I Just Can’t Sleep! What Can I Do?
Its 3am and you look over once again at the alarm clock hoping somehow you traversed back in time to 11pm. The display of the alarm clock is brighter than the daytime sunlight and your patience and hope for sleep is fading.You have to leave for work at 7am and rest is essential for your busy day ahead. We have all experienced this scenario randomly through the years.There are tricks into teaching your body to sleep better.
Common colds and headaches are just as common as insomnia. In fact 65% of us have difficulties falling asleep easily. In the past, doctors would prescribe medications without much examination into the patients lifestyle. Today, insomnia research is gaining new heights due to this growing epidemic. Vast awareness of this disorder has lead to the development of many treatments. Many of these treatments are natural in nature and do not require medication.

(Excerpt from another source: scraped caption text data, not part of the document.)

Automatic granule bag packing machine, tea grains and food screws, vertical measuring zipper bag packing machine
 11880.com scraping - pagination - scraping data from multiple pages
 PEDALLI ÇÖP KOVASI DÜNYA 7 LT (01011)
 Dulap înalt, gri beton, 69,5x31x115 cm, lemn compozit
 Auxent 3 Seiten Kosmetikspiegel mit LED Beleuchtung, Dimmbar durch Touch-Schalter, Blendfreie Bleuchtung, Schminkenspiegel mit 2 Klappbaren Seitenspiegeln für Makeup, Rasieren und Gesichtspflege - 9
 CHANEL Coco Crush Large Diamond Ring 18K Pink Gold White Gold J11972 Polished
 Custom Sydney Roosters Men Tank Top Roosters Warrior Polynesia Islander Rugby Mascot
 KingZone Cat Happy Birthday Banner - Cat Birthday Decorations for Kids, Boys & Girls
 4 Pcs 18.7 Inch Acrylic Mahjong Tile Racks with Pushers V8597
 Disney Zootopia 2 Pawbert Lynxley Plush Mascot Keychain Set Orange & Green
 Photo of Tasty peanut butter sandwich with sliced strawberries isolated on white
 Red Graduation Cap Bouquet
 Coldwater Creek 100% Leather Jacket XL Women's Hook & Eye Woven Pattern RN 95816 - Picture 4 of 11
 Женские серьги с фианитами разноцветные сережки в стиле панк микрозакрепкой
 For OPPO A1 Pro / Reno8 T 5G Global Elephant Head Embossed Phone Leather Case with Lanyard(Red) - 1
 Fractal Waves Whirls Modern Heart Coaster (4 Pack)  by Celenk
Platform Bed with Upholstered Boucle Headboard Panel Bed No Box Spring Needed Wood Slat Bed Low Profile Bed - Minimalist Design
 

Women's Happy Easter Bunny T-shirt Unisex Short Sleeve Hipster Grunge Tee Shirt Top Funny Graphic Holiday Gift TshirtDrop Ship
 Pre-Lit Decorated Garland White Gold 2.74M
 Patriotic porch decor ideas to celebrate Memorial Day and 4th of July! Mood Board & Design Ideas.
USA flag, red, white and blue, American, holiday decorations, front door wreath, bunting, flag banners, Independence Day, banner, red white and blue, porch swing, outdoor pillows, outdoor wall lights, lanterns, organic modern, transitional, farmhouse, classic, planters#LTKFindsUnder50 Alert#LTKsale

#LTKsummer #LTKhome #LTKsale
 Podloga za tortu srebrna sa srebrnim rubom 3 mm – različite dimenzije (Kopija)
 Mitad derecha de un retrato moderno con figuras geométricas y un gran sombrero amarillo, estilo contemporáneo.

The most practical approach to dealing with insomnia is discipline. You need to set a rigid sleep schedule seven days a week. Try to go to bed at the same time every night to get a regiment in order. If this seems difficult at first, try going to bed 15 minutes earlier each night for a month. You will be surprised how fast your body will adjust and become tired earlier. The next step is to not sleep in. But you say "I love sleeping in". Thats the trade off to this approach. You will actually not want to sleep in if your body gets required amounts of rest every night. Energy levels will increase and you will rather want to get out of bed and do something versus sleeping until noon.
In addition to this regiment, you can also do light monotonous activities. Read an article in a magazine instead of a book. Do things that require less thinking and require short amounts of time to finish. Doing exercises like this will help take the focus off events in your life that are keeping you awake. Avoid TV or aother activities that can lead into hours of lost sleep. Use your bed for sleeping only and not long activities. Turning off are mind is the goal here. The worst thing you can do is start task managing or reviewing the week to come in your head. Write tasks and let your day go after dinner. Learn and practice these techniques and you will soon see results. If you suffer from chronic insomnia, further diagnosis will be needed from a qualified professional.